Gee & Ursula: Police culture to blame for comments on woman killed by SPD car
Sep 13, 2023, 7:00 AM | Updated: 10:49 am
(Photo: Sam Campbell, KIRO Newsradio)
Controversial body camera footage from a Seattle Police Department (SPD) officer responding to the scene of a woman killed in a crosswalk by a police officer in January was released Monday.
In the video, the officer, Daniel Auderer, can be heard talking about an incident where 23-year-old exchange student Jaahnavi Kandula was hit and killed by another SPD officer. In the video, he makes comments including, “She’s dead,” “It’s a regular person,” and “Just write a check — $11,000. She was 26 anyway, she had limited value,” as well as laughing.
According to a post from SPD, the video of Auderer’s call “was identified in the routine course of business by a department employee,” and was escalated to Chief Adrian Diaz. It was then referred to the Office of Police Accountability (OPA) for a full investigation.
Auderer tried to get ahead of the video by self-reporting to the OPA, and in documents obtained by The Jason Rantz Show on KTTH, was looking to explain the context behind the comments and acknowledging how they sounded.
“I do understand that if a citizen were to hear it that they would rightfully believe I was being insensitive to the loss of a human life,” Auderer said in the complaint. “I also understand that if I heard it (it) could diminish the trust in the Seattle Police Department and make all of our jobs more difficult. With all that being said, the comment was not made with malice or a hard heart. (It was) quite the opposite.”
On The Gee and Ursula Show, hosts Gee Scott and Ursula Reutin discussed the video and how they see it affecting the department. Ursula talked to some anonymous sources in the department, many of whom expressed how badly the comments made the SPD look.

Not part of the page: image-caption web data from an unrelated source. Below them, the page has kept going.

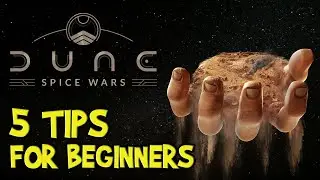 5 Beginner Tips for Dune: Spice Wars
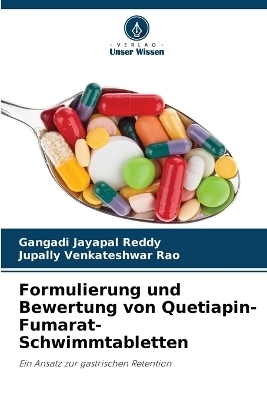 Formulierung und Bewertung von Quetiapin-Fumarat-Schwimmtabletten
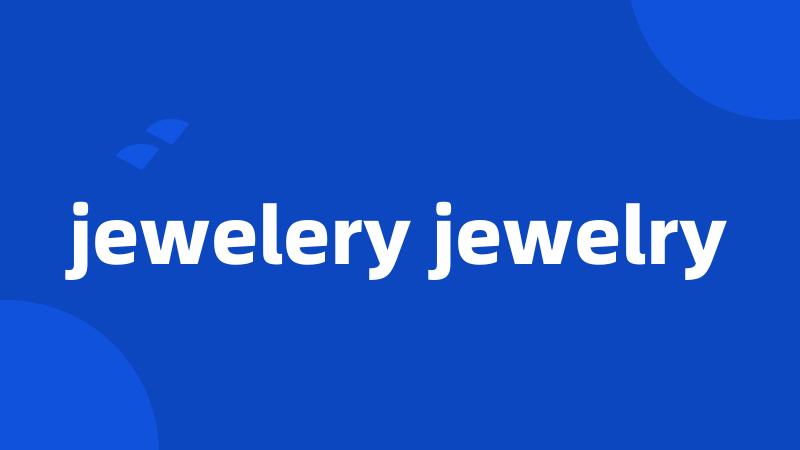 jewelery jewelry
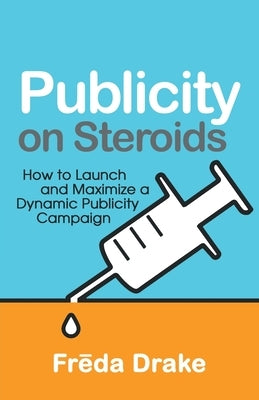 Publicity on Steroids: How to Launch and Maximize a Dynamic Publicity Campaign by Drake, Freda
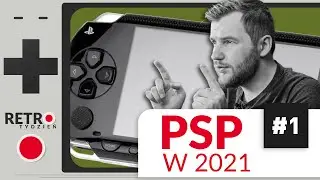PlayStation Portable Week 2021 | RetroWeek #1
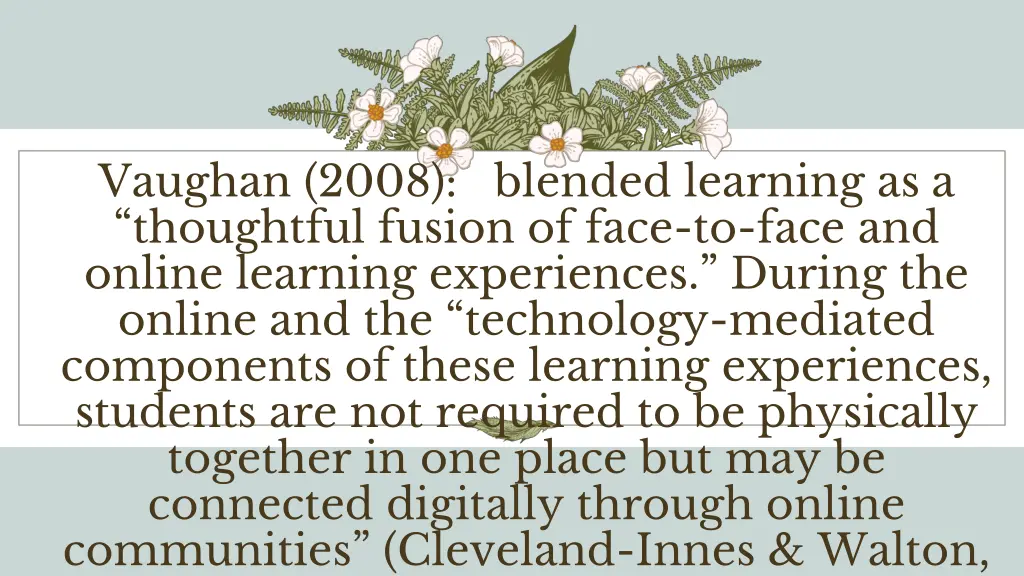 vaughan 2008 blended learning as a thoughtful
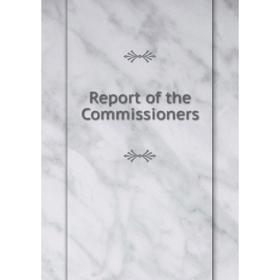 

Книга Report of the Commissioners. Royal Commission on the Question of Prices of School . Book s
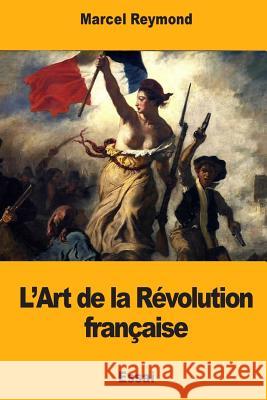 L'Art de la Révolution française Reymond, Marcel 9781984904522 Createspace Independent Publishing Platform - książka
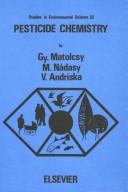 Cover of: Pesticide chemistry by Matolcsy, György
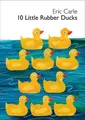 Eric Carle 10 Little Rubber Ducks (Kartonbuch)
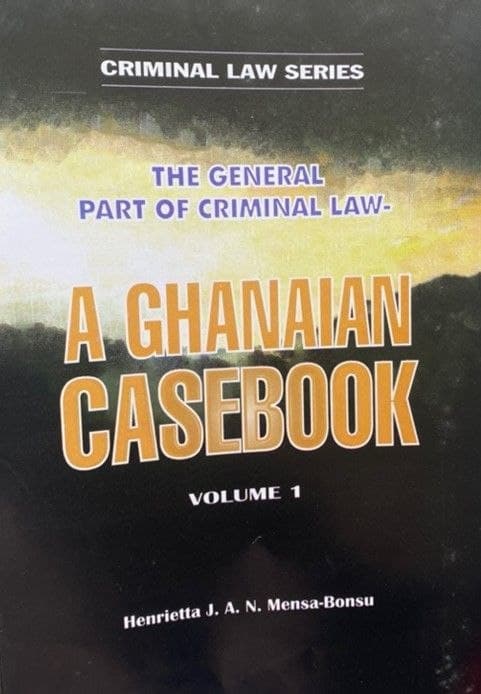 The General Part of Criminal Law: A Ghanaian Casebook, Volume 1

“I will tell you, without exception, my sources are telling me that this was stupid. This was wrong. Terribly inappropriate. An embarrassment,” Ursula said. “I’m going to read a quote, ‘The damage is done. I think this is really going to hurt us with recruiting, contract negotiations, maybe even guild membership.'”
Not only is Auderer a detective with the SPD, he is also the vice president of the Seattle Police Officers Guild (SPOG). The recorded conversation was with SPOG President Mike Solan, which raised some additional red flags for Ursula.
“A 23-year-old woman was killed by an officer who was driving to the scene,” Ursula said. “His first call after leaving there is to call the police union. In my opinion, and I think if I were the attorney of the family, looking at this, I would ask why Officer Auderer, who was brought in as the drug recognition officer is also now turning around and trying to make a case working with the union president.”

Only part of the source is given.